*** Provided material Section Begins ***

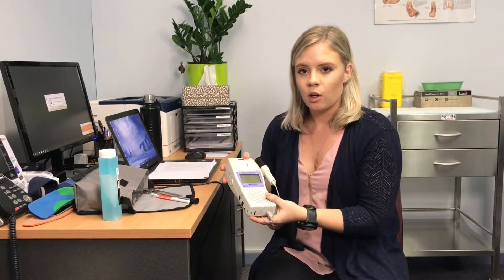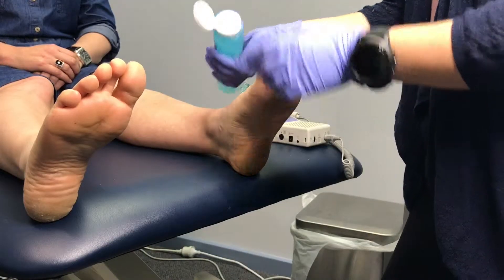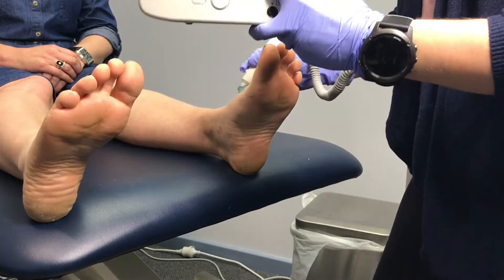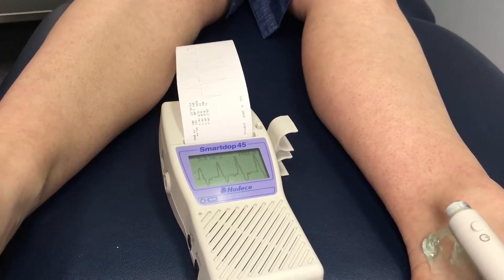The first assessment is the Doppler ultrasound. I use a gel on the foot and listen to the two main arteries in your feet, which gives a good indication of blood flow. Blood flow is really important because it helps to heal any wounds or ulcers — even a little blister on the end of your toe. In a long-term diabetic, that can become an issue as it can get infected, and if there's not enough blood flow to heal it, it can lead to other complications.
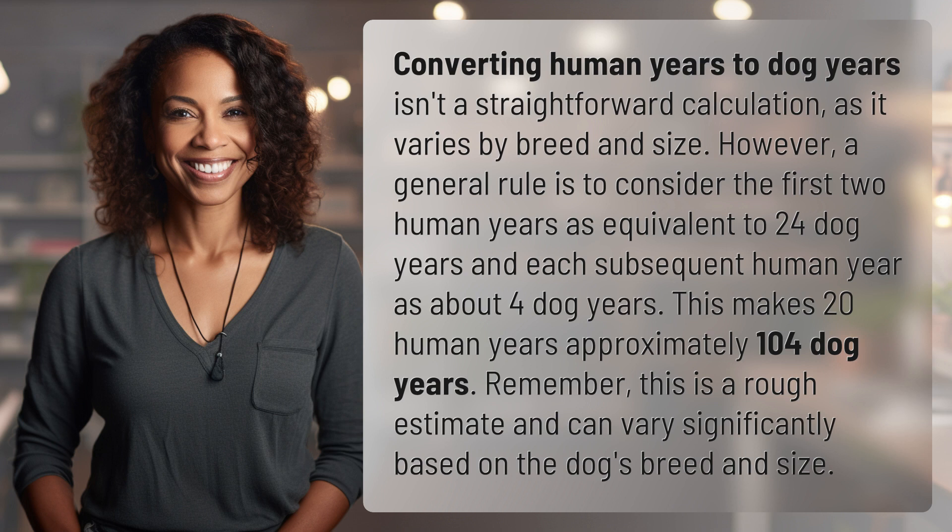as about four dog years. This makes 20 human years approximately 104 dog years. Remember, this is a rough estimate and can vary significantly based on the dog's breed and size. Our quest for knowledge never ends — thanks for being part of today's discovery.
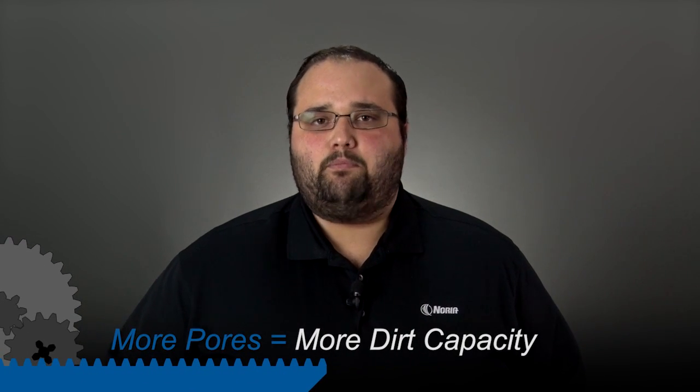You can find the dirt holding capacity if your filter spec sheet has the ISO 16889 result on it, which tells you how much dirt or debris that this filter actually holds. Naturally, we want to make sure that we have a filter that scrubs out small particles because those are the most dangerous, but we also want a filter that holds a lot of dirt. Across the board, those micro glass or fiberglass filters tend to hold more dirt than a comparable cellulose one, just because of the nature of the porosity — it has more pores in it.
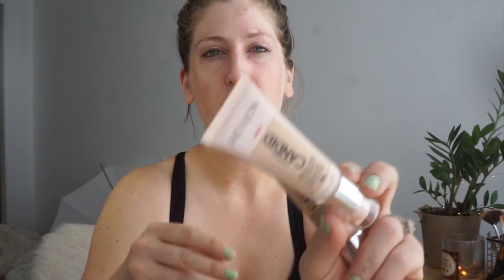Everything at Walgreens right now is buy two and get one free, except for the Wet n Wild and e.l.f. products — that's why I got those. So I have already primed my face and I got two different colors: the 250 which is Vanilla, and the 150 which is Cream Brûlée. I'm just going to kind of see which one works.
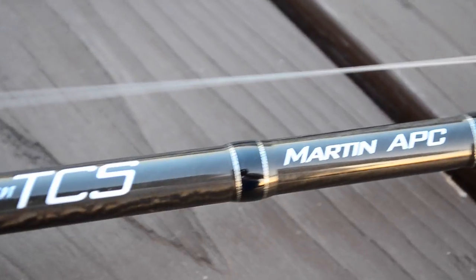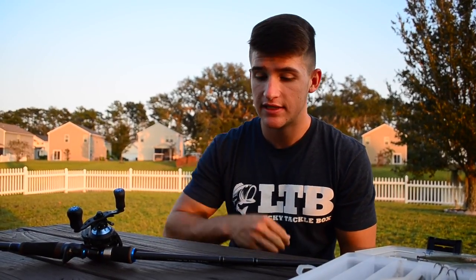To be more specific about the rod — this is an Akuma TCS Tournament Concept Series rod, the Martin APC model. It's a seven-foot medium-heavy power rod. You can go with a heavy rod or a standard medium rod with a lot of tip — it's all personal preference. The medium-heavy still has good backbone with a lot of tip. I own about 40 rods and 30 of them are seven-foot medium-heavies because they're so versatile, and that's what I'm using for jerkbaits.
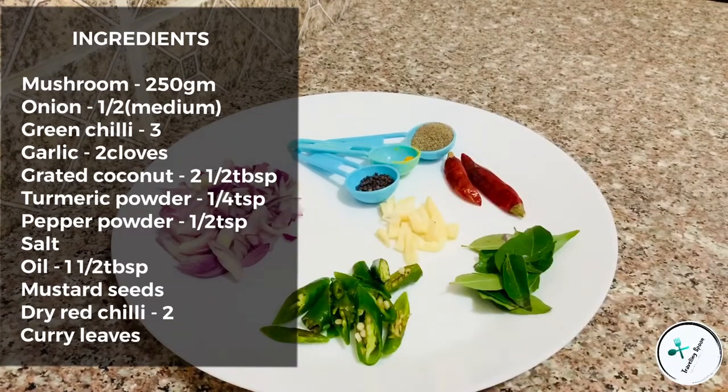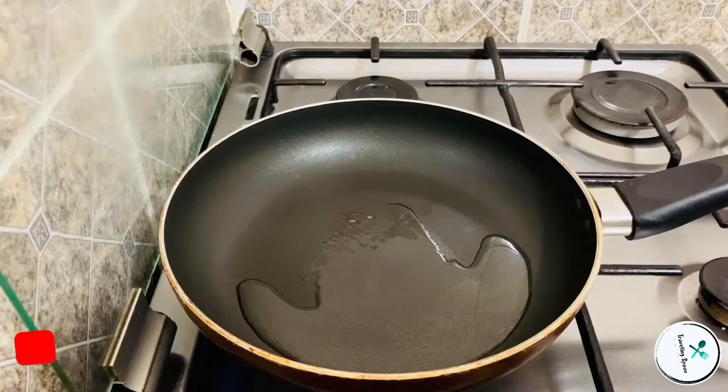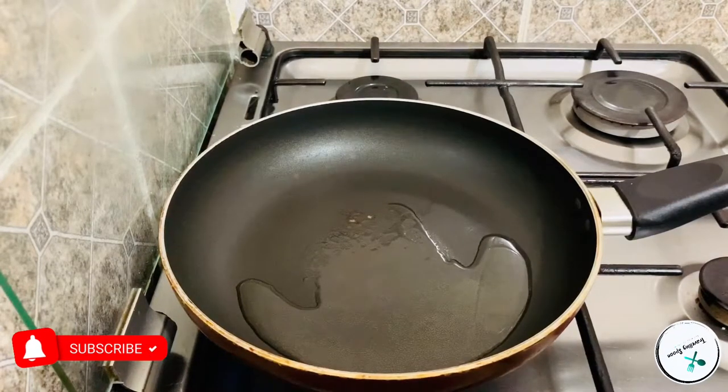I will put it in the description box. Check it out. Now I will put it in the mushroom. I will put 2 tablespoons of oil in this pan. I will put it in the bowl. You can use any oil in this way.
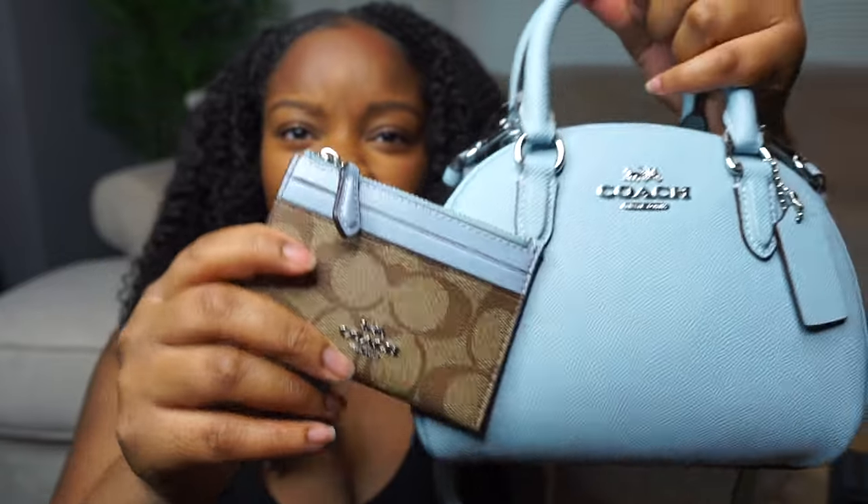Of course once I got the bag I had to get the wallet. I was torn between which wallet I wanted. I really wanted the snap wallet in this color but it was sold out — y'all know I love a good snap wallet, it's the perfect compact wallet. So then I was torn between two card cases. They had a solid blue colored card case, and honestly I kind of wish I would have gotten that one, but I'm not disappointed with the one I got. I got the mini skinny ID case in the canvas as well as the powder blue. I wasn't sure if I was going to like it because Coach's lighting throws the pictures off a little bit online, but I love the way it looks in person. Here's how it looks in comparison to the bag.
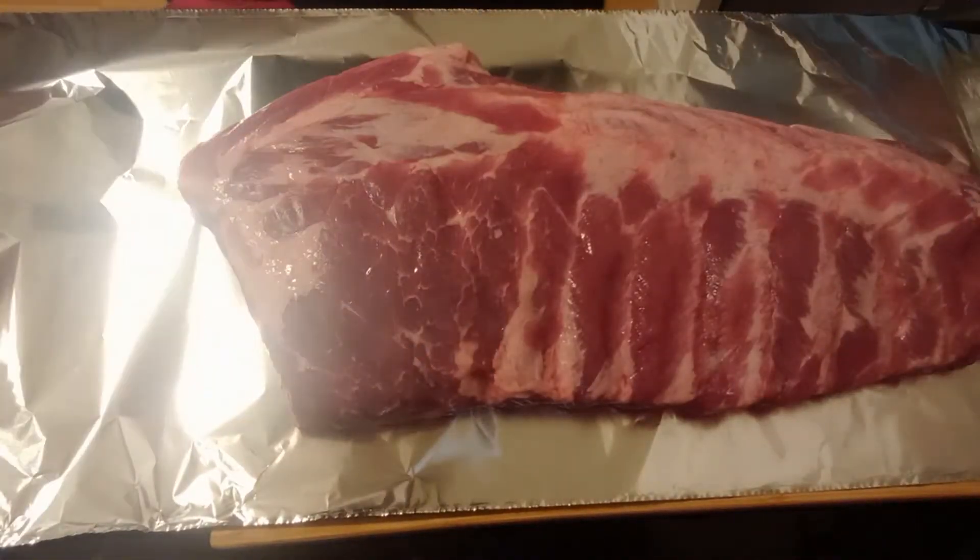So let's get started. I've got my oven — now I know I'm barbecuing these, but to save on propane and time I'm going to put these in the oven first. Preheat your oven to 300 degrees. It's going to cook in there for about two hours.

*** Provided material Section Ends ***

Work instructions: Above are the records; copy from them only the lines starting at the one containing "Everything at Walgreens" and ending at the one containing "I will put it in the description", exactly and without pictures.

Final answer:
Everything at Walgreens right now is buy two and get one free, except for the Wet n Wild and e.l.f. products — that's why I got those. So I have already primed my face and I got two different colors: the 250 which is Vanilla, and the 150 which is Cream Brûlée. I'm just going to kind of see which one works.
To be more specific about the rod — this is an Akuma TCS Tournament Concept Series rod, the Martin APC model. It's a seven-foot medium-heavy power rod. You can go with a heavy rod or a standard medium rod with a lot of tip — it's all personal preference. The medium-heavy still has good backbone with a lot of tip. I own about 40 rods and 30 of them are seven-foot medium-heavies because they're so versatile, and that's what I'm using for jerkbaits.
I will put it in the description box. Check it out. Now I will put it in the mushroom. I will put 2 tablespoons of oil in this pan. I will put it in the bowl. You can use any oil in this way.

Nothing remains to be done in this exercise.